But if not for Kay taking the initiative, Arnold would have parked himself in front of the Golf Channel without even noticing what was going through her mind.

“Yes, well I have to remind myself not to watch too much Golf Channel,” Frankel laughs. “Men and women, well, they’re different. They take a different approach to things. When there’s a problem, men decide not to fix it, but just bury it. It’s not just the Japanese men, you know! Arnold buried his feelings, then he built a wall around himself, and Kay takes a sledgehammer to that wall. Imagine his inner resistance. Imagine his … fear!”

Frankel adds that he finds it hard to envision Kay and Arnold being performed by anyone other than Streep and Jones.

“It’s not just that they’re wonderful actors; they’re so giving, each in their ways,” he says. “I’ve worked with Meryl on ‘The Devil Wears Prada’ and she could reach in herself and pull out that haughty, domineering but vulnerable woman. And she could also be Kay. In some ways, Kay is much stronger.
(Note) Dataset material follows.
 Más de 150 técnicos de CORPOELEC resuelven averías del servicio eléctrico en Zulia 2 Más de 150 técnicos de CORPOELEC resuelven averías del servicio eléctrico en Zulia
She knows what she wants and she’s willing to fight to get it. She’s not ashamed or embarrassed about it either. She’s just too unhappy to let mere embarrassment get in the way.”

At the same time, Frankel appreciates how hard it must be to maintain a marriage for three-plus decades. “You get older, you get into patterns. You start out with the best intentions and then life intrudes. People get a shock when they realize you have to keep making the effort, after the courting and the wedding, and the first few months or years. A marriage needs constant work. Shocking, isn’t it?”